The techtonic plates of my self image have been distorted. My emotional equalibrium has been put in a state of upheaval. I was not prepared for this. At all.
I was thinking today of when I went to the Buddhist retreat. We had an assignment of seeing ourselves driving a bus and everyone on the bus was a different image of our personality. At the end we would describe to the small class who we saw. I remember the instructor asking me if I had seen a little girl. I said no. She asked again “are you sure?”. The look on her face made me feel not as if I’d done anything wrong but as if I hadn’t seen the whole picture yet. As if there was something I had missed.

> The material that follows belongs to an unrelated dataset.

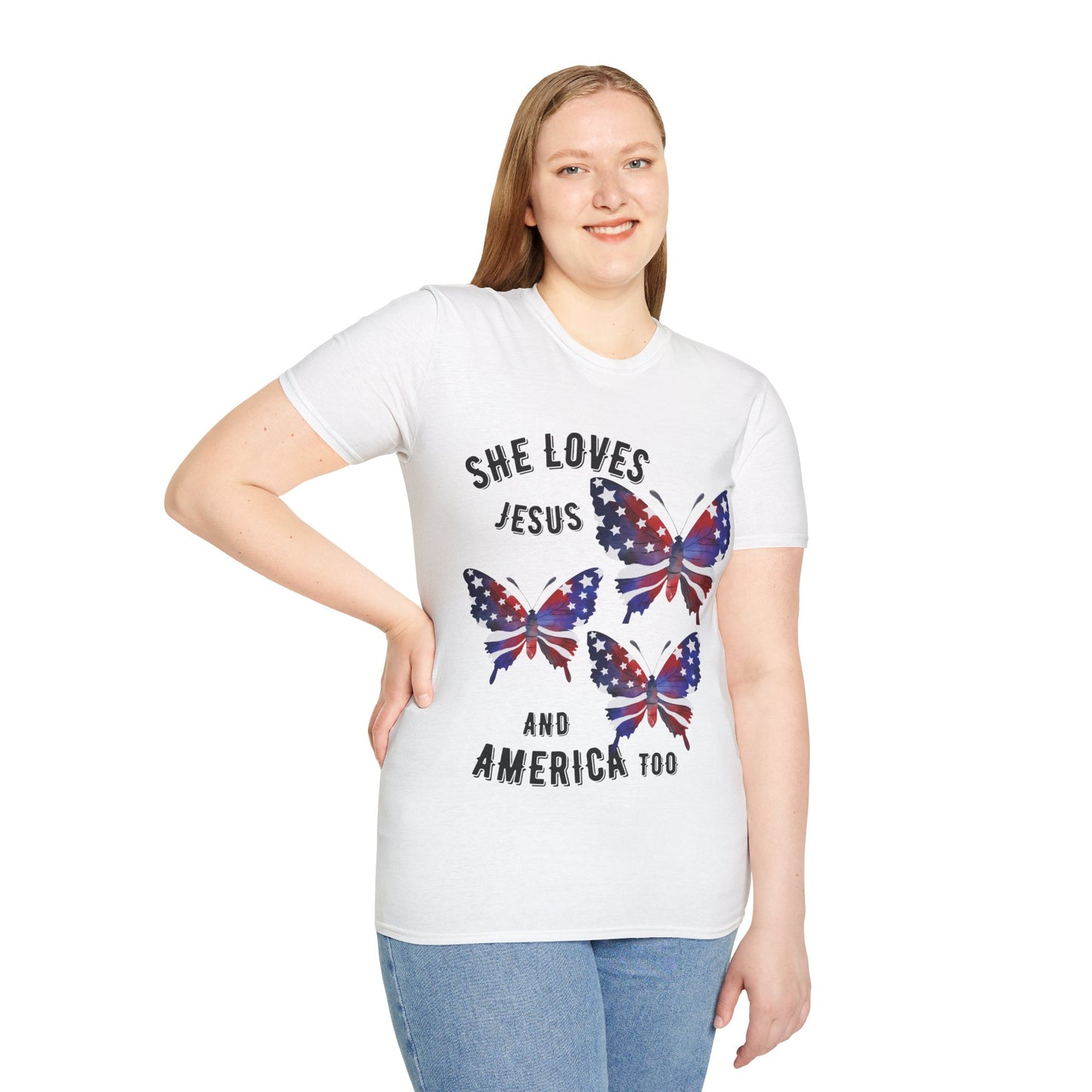 Jesus and America Softstyle T-Shirt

And now here she is. Staring me in the face. The little girl I thought I had healed. But a completely different reality of her. One I never could have had any foresight existed and…… it isn’t pretty. She’s damaged so much more than I ever realized. She hurting in ways I don’t know how to fix and I feel so very lost and alone in the world.
I have dealt with A LOT in my life and I suppose if I want to look at this pragmatically this came out now because maybe I wasn’t ready to handle it before. And truthfully I can see why.
Because….. it’s a lot. Too much. And it’s broken me down in ways I didn’t know I was capable of still breaking.
You see…… I have this image of always being competent. I have this persona of being strong, of always achieving what I set my mind to and work hard at. I carry this “I was broken, but I am not now” badge (incognito I used to think)………
Except…….now…..right now. I feel so completely not that at all.
I know I’ll find my way back. I have to. I’m not giving myself another option…. But just right now. Right at this moment I really don’t know how.
At least, I can still clearly see what I want in life. My house. My business. Stability for my 3 angels. Peace in my heart and if I’m lucky and all the stars want to align…a man with a good heart that loves me infinitely in the ways that I need, even when I don’t know I need it.
I would say life has been good to me. But it would be a lie. My life has been one God damn struggle after another and I’ve rised or tried to rise as best I could.
And right now I just hope God continues to give me the strength I need to persevere against what seem like insurmountable odds. I just hope that I can find my way.